ELISABETH MOSS :
DE LOIN, L’EX-BALLERINE à la silhouette de tanagra (1,60 m) semble noyée dans sa robe longue et sa cape écarlates. En cet après-midi glacial de février, Elisabeth Moss s’efforce de ne pas grelotter dans l’uniforme de Defred, l’héroïne de « la Servante écarlate ». Sur le perron d’une demeure cossue de Hamilton, près de Toronto, l’actrice tourne une dizaine de fois une scène clé de la saison 2.

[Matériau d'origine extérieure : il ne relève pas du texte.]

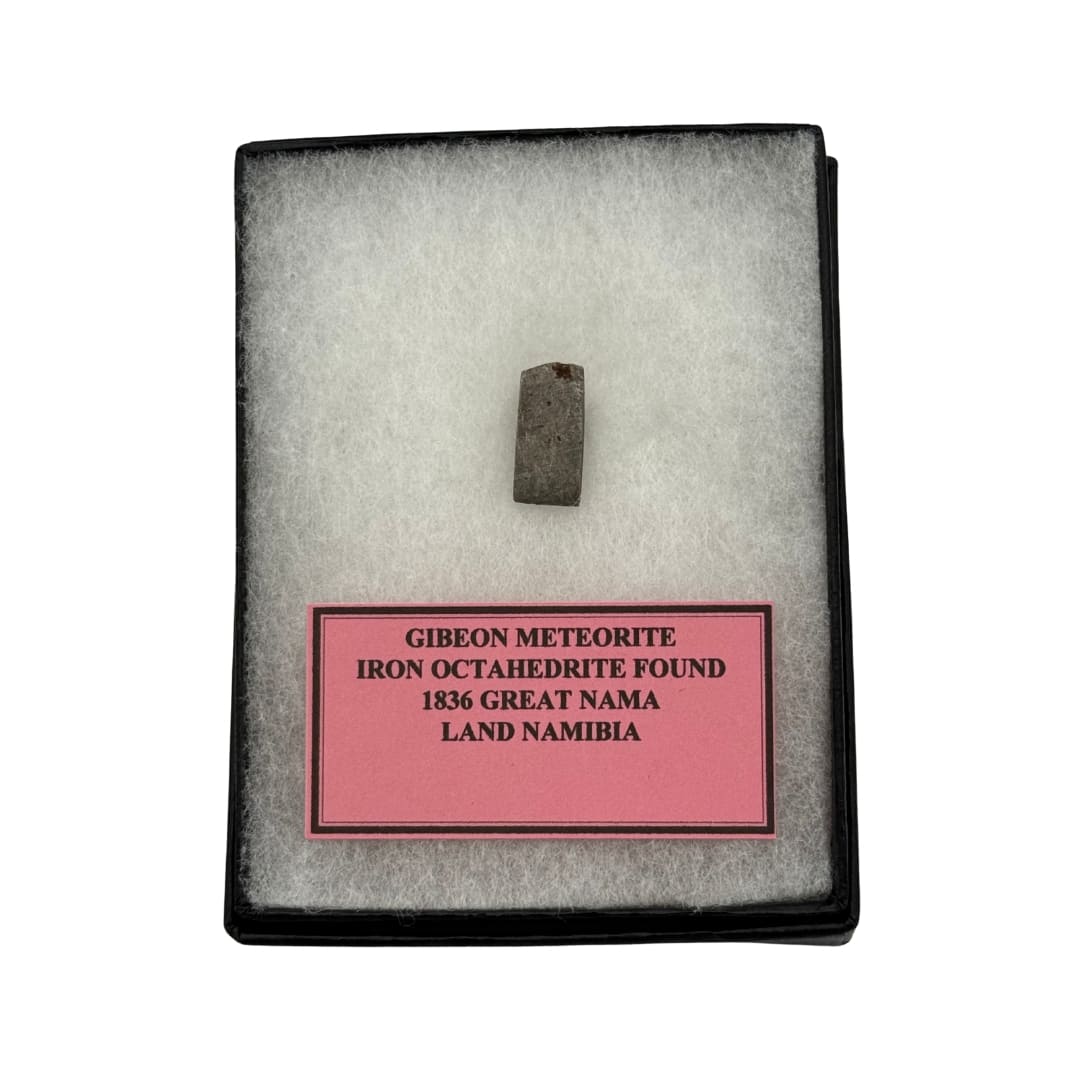 Météorite Gibeon 5.1g- Le Fer Stable de Namibie (Découverte 1836)
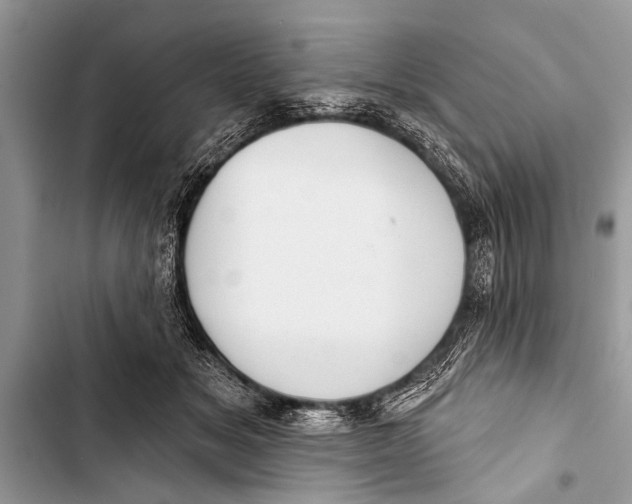X0000103440509200810031416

Ceux qui ont suivi la saison 1 ne peuvent oublier le visage expressif de « Lizzie », filmé en gros plan et sans maquillage : mâchoire serrée, menton tremblant, regard azur traversé d’une rage sourde ou d’une terreur communicative, elle n’a besoin d’aucun artifice pour capter l’attention. « Je n’ai aucune vanité en tant qu’actrice, s’il faut s’enlaidir pour un rôle, je le fais ! » Son visage est devenu l’emblème de la série d’anticipation la plus anxiogène de l’ère Trump, autant que sa voix off subversive, donnant accès à la pensée de son personnage, une esclave d’un régime totalitaire, régulièrement violée afin de procréer pour des dirigeants stériles. « Elle joue dans presque chaque scène et, certains jours, est présente sur tous les plans, précise Bruce Miller, le créateur de la série. Toutes ses pensées et émotions transparaissent. On vit la série à travers elle. Et tant qu’elle tient bon, le spectateur ne perd pas espoir. » Elisabeth Moss sait ce que le mot « persévérance » signifie. Née à Los Angeles de parents musiciens, actrice dès 8 ans, la California girl a pratiqué la danse classique jusqu’à l’adolescence. Une école de détermination, d’humilité, de force aussi. « J’aime les personnages de femmes capables de se défendre seules », admet la star, qui a aussi incarné Anna, la journaliste libre et sans limites de « The Square », Palme d’or à Cannes l’an dernier.
« La Servante écarlate » lui a valu l’Emmy Award 2017 et le Golden Globe 2018 de la meilleure actrice dans une série dramatique. Le « New York Magazine » lui a décerné le titre de « reine de l’âge d’or de la télévision ». De la série « Mad Men » (Canal+), où elle incarnait une secrétaire timorée se transformant en redoutable publicitaire, à « Top of the Lake » (Arte), de Jane Campion, où elle jouait la victime d’un viol devenue enquêtrice de police spécialisée dans la protection infantile et les violences sexuelles, la liste de ses rôles féministes n’a fait que s’allonger. « Jouer une femme forte et complexe, c’est considéré comme féministe. Pour moi, ce sont avant tout de beaux rôles de femmes, sans clichés ni caricature, avec leurs forces et ambivalences, en lutte contre le système patriarcal. C’est le ressort dramatique de beaucoup de scénarios de nos jours. Nous vivons dans un monde régi par des hommes depuis si longtemps… », souligne celle qui coproduit la série par conviction. « La montée des extrémismes, la fin de nos droits… Il était temps d’aborder ces sujets inquiétants pour l’humanité. Je n’aurais jamais imaginé, en tournant la saison 1, avant l’ère Trump, que des militantes s’habilleraient ensuite en servantes pour protester contre des projets de lois abusifs sur la santé et la liberté sexuelle et de procréation », explique cette fervente supportrice des plannings familiaux aux États-Unis. « Si nous avons pu faire naître une réflexion et offrir des instruments de résistance en cette période troublée, c’est le rôle le plus fantastique qu’une fiction puisse jouer », s’enthousiasme l’actrice activiste avant d’aller tourner une nouvelle prise de sa scène.